WHEREFORE, the petition is dismissed for lack of merit.

Teehankee, Makasiar, Aquino, Guerrero, Abad Santos, De Castro, Melencio-Herrera, Plana, Escolin, Relova and Gutierrez, Jr., JJ., concur.

Concepcion, Jr., took no part.

Endnotes:



1. Decision, Annex A to Petition, 1.

2. Ibid., 2. In the meanwhile respondent Paulino Bulahao died.

3. Ibid., 3.

4. He was assisted by Assistant Solicitor General Reynato S. Puno, Assistant Solicitor General Roberto E. Soberano and Solicitor Roberto A. Abad.

5. G.R. No. 64033, July 25, 1983, 123 SCRA 759.

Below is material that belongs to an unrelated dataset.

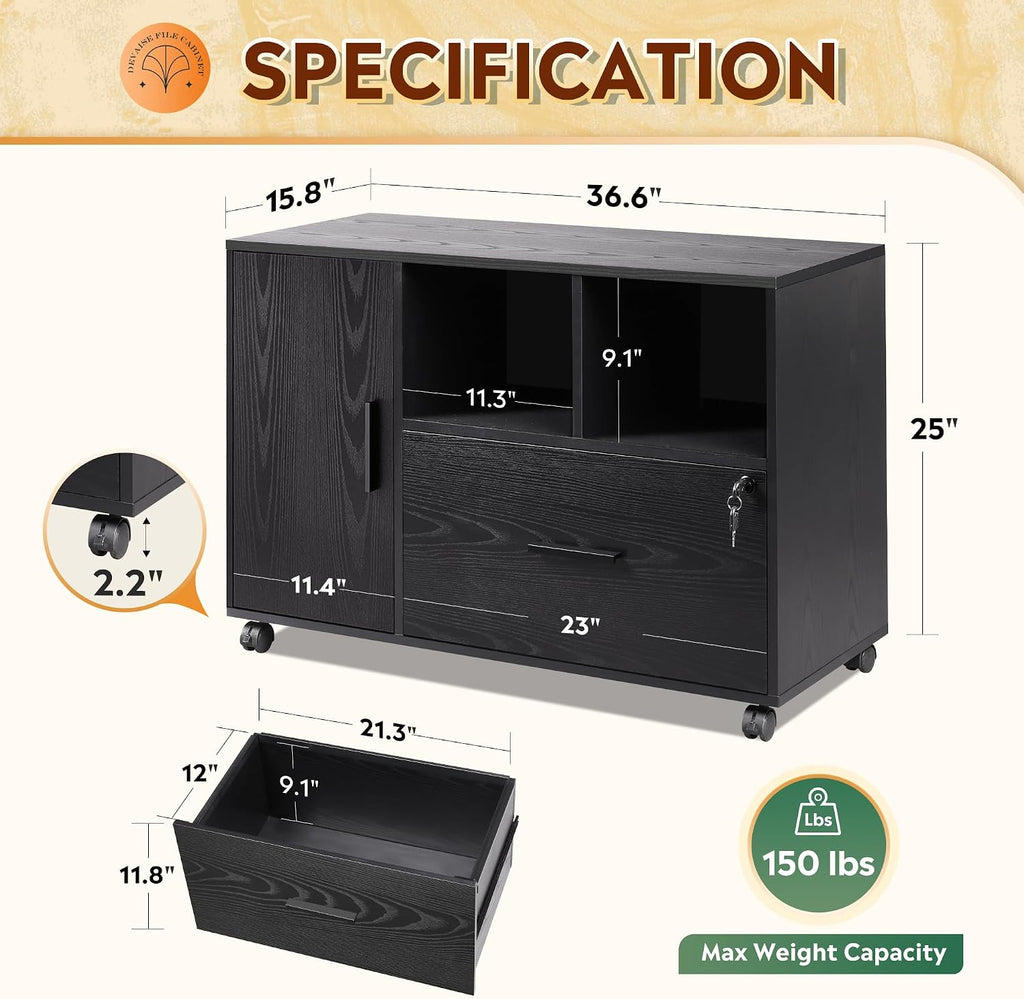 Wheeled Lockable Wooden Office File Cabinet
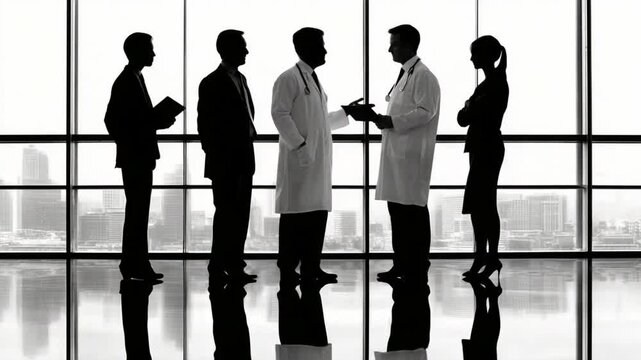 Team of Experts at Discussion: A team of professionals, including doctors, engage in a focused discussion. The scene's natural light and reflections underscore their roles.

6. Ibid., 762. The Sotto decision, promulgated in 1946, is reported in 76 Phil. 516 (1946). Eleven cases under the present Constitution were cited starting from Aratuc v. Commission on Elections, L-49705-09, February 8, 1979, 88 SCRA 251 to Mangca v. Commission on Elections, G.R. No. 58309-10, February 25, 1982, 112 SCRA 273.

7. Comment, 7-8.

8. Ibid, 9.

9. Gabatan v. Commission on Elections, G.R. No. 52381, January 26, 1980.

10. Comment, 9-11.

11. No. 52699, May 15, 1980, 97 SCRA 500.

12. Ibid, 504. According to Article XII, C, Section 10 of the Constitution: "No elective public officer may change his political affiliation during his term of office, and no candidate for any elective office may change his political party affiliation within six months immediately preceding or following an election, unless otherwise provided by law."